So how PM 2.5 being measured and reflected in air quality indices, communicated by both the U.S. Embassy and Chinese government? Last March the Chinese Ministry of Environmental Protection (MEP) released new national air quality standards and an index, the AQI, for communicating air quality that was more consistent with U.S. standards. The main difference between the Chinese and U.S. AQIs for PM 2.5 is the pollutant concentration thresholds used. While the U.S has adopted a PM 2.5 concentration threshold close to the World Health Organization (WHO)’s recommended levels of 10 μg/m3, China has opted for thresholds similar to the interim guidelines the WHO has set for developing countries.
In Table 1, above, we see US and China AQI breakpoints for PM10 and PM 2.5. Note that the descriptions in column 2 are based on the Chinese AQI standards, not US standards.

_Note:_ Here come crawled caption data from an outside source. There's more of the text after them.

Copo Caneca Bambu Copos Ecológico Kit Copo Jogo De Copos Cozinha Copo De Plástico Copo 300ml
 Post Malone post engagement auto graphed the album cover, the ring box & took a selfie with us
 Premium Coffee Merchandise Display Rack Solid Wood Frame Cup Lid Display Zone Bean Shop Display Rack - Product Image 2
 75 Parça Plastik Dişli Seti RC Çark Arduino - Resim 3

Because the official AQI measurements are capped at 500, the real extent of PM 2.5 concentrations citizens faced this past weekend in Beijing are understated. In fact, the PM 2.5 readings of all regions across the city in the evening of Jan. 12 were above 700 μg/m3, peaking at 993 μg/m3) When the US Embassy reported AQI values above 500 some asked whether their monitors were broken.
When the US Embassy air monitor started reporting values above 500, some thought these were measurement errors, as the upper-end of the AQI only reaches 500. How were AQI values beyond 500 determined? Vance Wagner, a long-time Beijing air quality analyst, wrote a post explaining the linear estimation of the AQI beyond 500, demonstrating that the US monitor uses the relationship for concentration levels at 400 μg/m3 to 500 μg/m3.
In the figure, above, we see the relationship between PM 2.5 concentrations and AQI. The red line is based on the China AQI, while the blue is interpolated values used by the US Embassy monitor AQI. Note that the official PM 2.5 concentration to IAQI conversion isn’t linear, an online calculator is available to perform the conversion.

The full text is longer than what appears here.